Prime Minister Scott Morrison, who is currently in the NT and will attend the 80th anniversary of the Bombing of Darwin ceremony this weekend, told media that the military spending will include the construction of a regional maintenance centre for the Australian Navy’s shipbuilding program.
He touted that it would drive the economy and create an additional 270 jobs for the Territory.
Mr Morrison said the Federal Government will allocate $112 million on 34 projects within the Defence Department “to enhance the nation’s defence capabilities in the Territory”.
“The regional maintenance centre alone will inject around $160 million into the local economy, create around 70 jobs over the next five years, and support the work of more than 1500 tradies from the Darwin region,” Mr Morrison said.
“It will play a key role in sustaining complex naval capabilities, initially including the new evolved Cape Class Patrol Boats and Arafura Class Offshore Patrol Vessels.”
More than 200 tradies will work on the 34 projects across the Territory, he added.
“We will upgrade airfields, working accommodation, and critical communication stations, as well as improving bases including the RAAF Base Tindal, RAAF Base Darwin, Robertson Barracks, and Defence Training areas such as the Bradshaw Training area,” Mr Morrison said.
“The Northern Territory is a key strategic area for Defence and it is the guardian of Australia’s northern approaches.”
Defence Industry Minister Melissa Price said the federal government will be investing $270 billion in defence capability over the coming decade. She said it will support more than 100,000 jobs across the economy.
Security analysts say the Top End becoming a defence springboard into the Indo-Pacific is “a repeat of its former wartime role 80 years ago”.

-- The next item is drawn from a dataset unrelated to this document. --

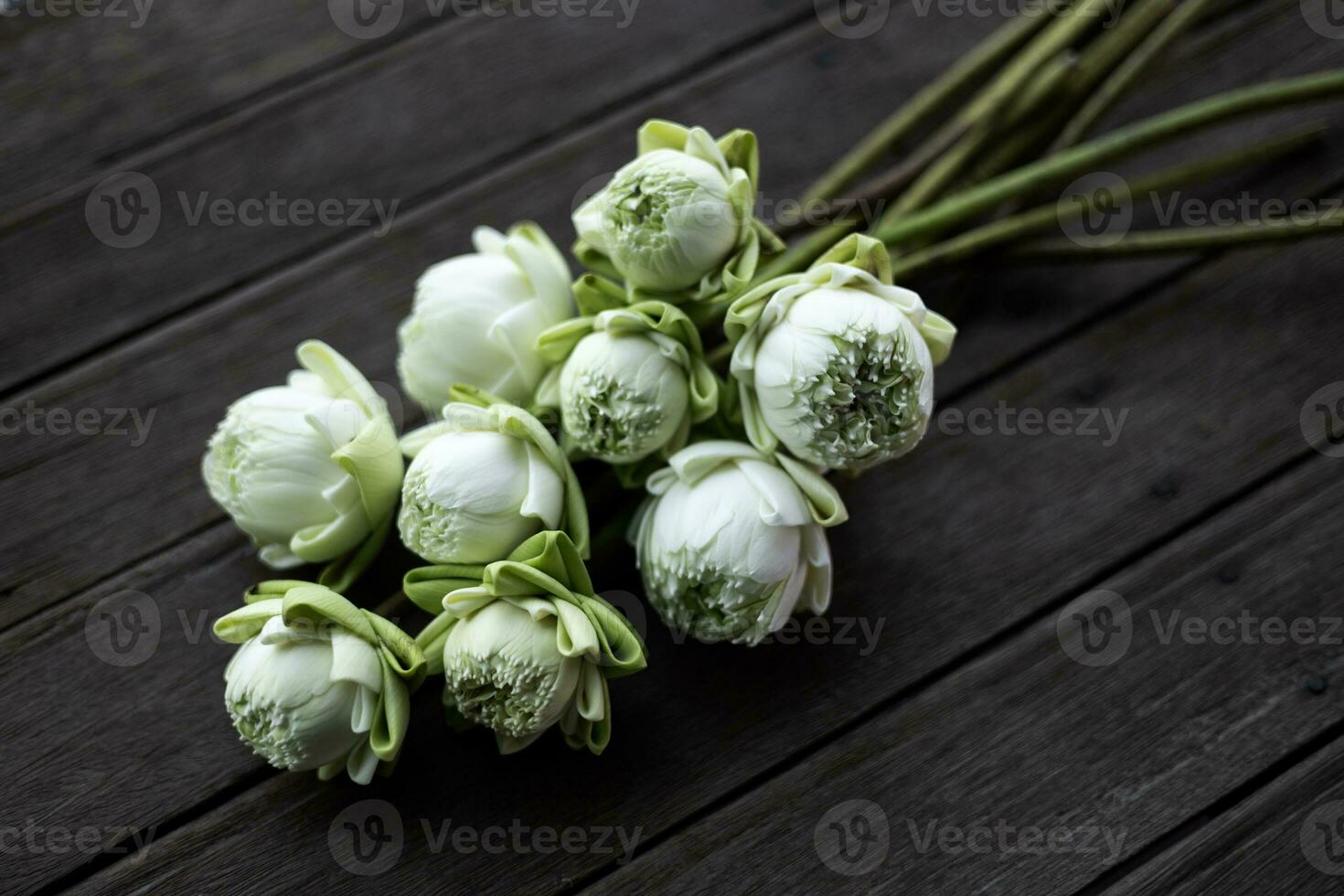 close up, many of white lotus bud on Wooden table background. Folding white lotus petal on wooden table, Thai traditional style. photo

In September 2021, the trilateral alliance of the Australia, UK, and the United States announced a “historic” security pact, dubbed “AUKUS”, aimed to strengthen military capabilities in the Pacific, allowing them to share advanced defence technologies and equipping Australian forces with the know-how to build nuclear-powered submarines.
In an online forum organised by the Foreign Policy Community of Indonesia to discuss the regional implications of AUKUS, former senior Vietnamese diplomat Dr Nguyen Hung Son said that “the real consequences of AUKUS were not the nuclear submarine purchase, but the strengthening of US defence capability in northern Australia, evidence of a long-term US commitment to the region and its allies”.